• Greg.  I find your analysis extremely accurate from my limited experience in the campaign.  God, I hope someone in a decision making capacity is reading AND comprehending your insights.

  • comment on a post In response to 'Strip-mining the Grassroots' over 7 years ago

    There is a great difference between working hard and working smart. Doing both will work better at winning elections.

  • MoveOn experience rant.

    I was thrilled to get linked to the blog on 2004 efforts.  Catharsis is nice. Learning from mistakes is even better.   As Greg may feel, I'm not yet confident that past mistakes will lead to adequate changes.

    2004 was my first real partisan political campaign but I have over 25 years of professional grassroots organizing experience behind me. (obviously I'm one of the older organizers that got hired).  

    Overall, my experience with GRI was negative, based on nearly all of Greg's reasons.  But, my experience with MoveOn was mostly positive given:

    1.  A chance to be part of something with such great possibility.
    2.  I was in NH where we helped turn a Red state (2000) into a Blue state (2004).
    3.  The quality of the other young field organizers I worked with.  Extraordinary people!
    4.  A clear, measurable and workable strategy. (even if it had serious flaws in hindsight)
    5.  The latest in organizing technology (sometimes too late)
    6.  The access to an incredible deep, committed and talented MoveOn membership.

    I agree with the response of `Democratic Courage.'  "MoveOn.org has probably done more than any other organization to build a lasting grassroots-based progressive movement." I've worked with over a dozen progressive non-profits and few of them had  any clue about the enormous value of relational data bases, web organizing and grassroots empowerment.

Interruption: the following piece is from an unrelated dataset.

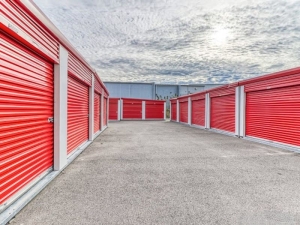 Extra Space Storage - 6586 - Lansing - S Hosmer St - Photo 4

    My negative experiences with MoveOn had most to do with a few people in `management' positions which clearly didn't listen to volunteer or organizer concerns, or see any value in the grassroots organizing experience of others. I got far more accomplished by ignoring some of my managers directions/orders/suggestions that clearly weren't working in the field.  Eventually sensible instructions came from the top down but not in time to help some of the younger professionals who may have worried more about their future resume than actively resisting orders that weren't helping them meet the objectives.

    My greatest disappointment however, comes from the Democratic party regarding its failure to effectively frame election issues (within the context of national security).  I've also been writing a book (started long before 9-11 and even the Hart Ruddman Commission) regarding the serious threats to our nation's security and what it will take to make Americans both safe and free.  (Many progressives still don't get it).
    I remember trying to get this idea through to MoveOn's upper management `issues people' but was blocked by some youngster staffer who thought is was more important for me to follow MoveOn's anemic issues script than suggest important changes.  He threatened to removing me from the final list of 500 organizers.  I agreed to talk the party line but told him that if we lose this election because of a failure to move voters on important issues I was going to haunt him in his dreams. (I hope he's having nightmares .)

    I encourage people to learn about the GOPs `Voters Vault" (a sophisticated data base) that helps them recruit, manage and organize their recruiters, voters and volunteers.   Dems/liberals/progressives still have much yet to learn about picking and framing issues.    I'm not sure we will see these essential changes in 2006.  

    I am sure they won't ask for my opinion.

    Chuck (former chair of the United Nations Association Council of Organizations representing over 100 progressive US based non-profit organizations and professional associations with over 25 million US members).